Today we hear many academic voices telling people that learning history is of little or no value. This is an extremely dangerous trend that may be too entrenched to correct.

This educational plague is rampant among the American and British peoples. And it seems that very few of our leaders understand what a colossal disaster it is!

Syndicated columnist George Will wrote this in his Dec. 23, 2001, column: “When history is taught at all nowadays, often it is taught as the unfolding of inevitabilities—of vast, impersonal forces. The role of contingency in history is disparaged, so students are inoculated against the ‘undemocratic’ notion that history can be turned in its course by great individuals” (Times Union, emphasis mine throughout).

He then implied that America probably would not have been born without the bravery and leadership of George Washington. We came dangerously close to losing the Revolutionary War. Mr. Will wrote,

Two hundred twenty-five Christmases ago, history was being made around here. And recently Lynne Cheney … came here to advocate teaching history more extensively and more wisely than we currently do. …Cheney stressed that events around Christmas 1776 demonstrate “that this nation was not inevitable.”General Washington, commanding ill-fed, ill-clad and barely trained forces against the world’s mightiest power, had been in retreat, as he would be much of the war. By Christmas night 1776 he desperately needed a victory and got one with the surprise attack on Trenton. …The human story would have had different contours if the bullets that sliced through his clothing during the French and Indian War had struck him.

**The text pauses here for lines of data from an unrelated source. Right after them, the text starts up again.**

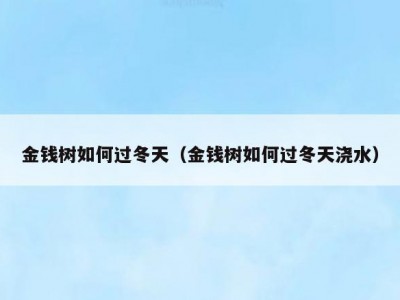 金钱树如何过冬天（金钱树如何过冬天浇水）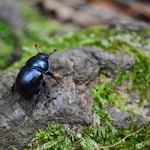 black june beetle on gray stone close-up photography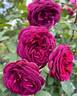 Celestial Night ™ rose photo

Great individuals do turn the course of history! Mr. Will continued,

Cheney recalled a 1999 survey of college seniors at 55 elite colleges, from Princeton to Stanford, which revealed that only 22 percent knew that the words “government of the people, by the people, for the people” are from the Gettysburg Address. Forty percent could not place the Civil War in the second half of the 19th century. … Twenty-five percent thought the pilgrims signed the Magna Carta on the Mayflower. … To the question of who commanded American forces at Yorktown, the most frequent answer was Ulysses S. Grant.Such questions should not be difficult for high school seniors. But at the time of the survey, none of the 55 colleges and universities required a course in American history. And students could graduate from 78 percent of them without taking any history course.

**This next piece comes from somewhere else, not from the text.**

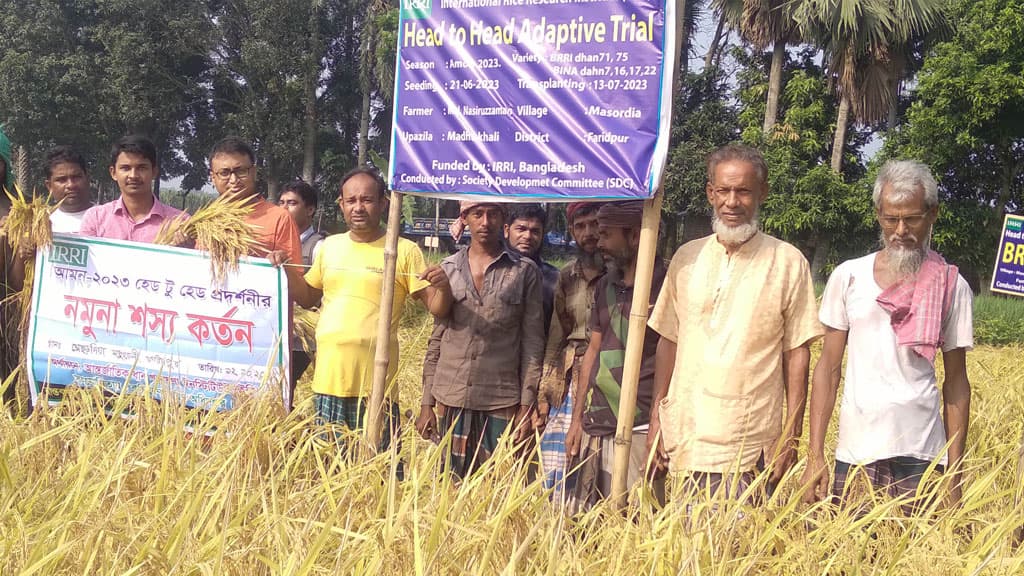 মধুখালীতে আগাম জাতের ধানের নমুনা শস্য কর্তন 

What a disturbing survey! Most of the students—78 percent—didn’t have to take even one history course!

Why is this information so shocking? Here is Mr. Will’s conclusion: “[A]s Madison [one of America’s Founding Fathers and former president] said, in words inscribed on a Princeton building, ‘a well-instructed people alone can be permanently a free people.’”

Are we about to lose our freedom? The answer is a resounding yes! If we don’t wake up we’re going to lose our freedom and a lot more!

One of Winston Churchill’s greatest biographers, William Manchester, said that Churchill “saved Western civilization”—not just Britain and Europe. More accurately, Mr. Churchill was used by God to save Western civilization.

How important is it that we learn from that civilization-saving history?

Henry Steele Commager wrote an introduction to Winston Churchill’s biography of his ancestor, Marlborough. In it Mr. Commager wrote,

… Churchill’s reading of history reinforced his early education to exalt the heroic virtues. He was Roman rather than Greek, and as he admired Roman accomplishments in law, government, empire, so he rejoiced in Roman virtues of order, justice, fortitude, resoluteness, magnanimity. These were British virtues too, and, because he was the very symbol of John Bull, Churchillian. He cherished, as a law of history, the principle that a people who flout these virtues is doomed to decay and dissolution, and that a people who respect them will prosper and survive.

Learning lessons from great leaders of the past is critical to our national well-being. If we flout those heroic virtues of history, our nations are “doomed to decay and dissolution.” But if we respect and emulate them, we “will prosper and survive.”

That is “a law of history.” Our national survival is at stake!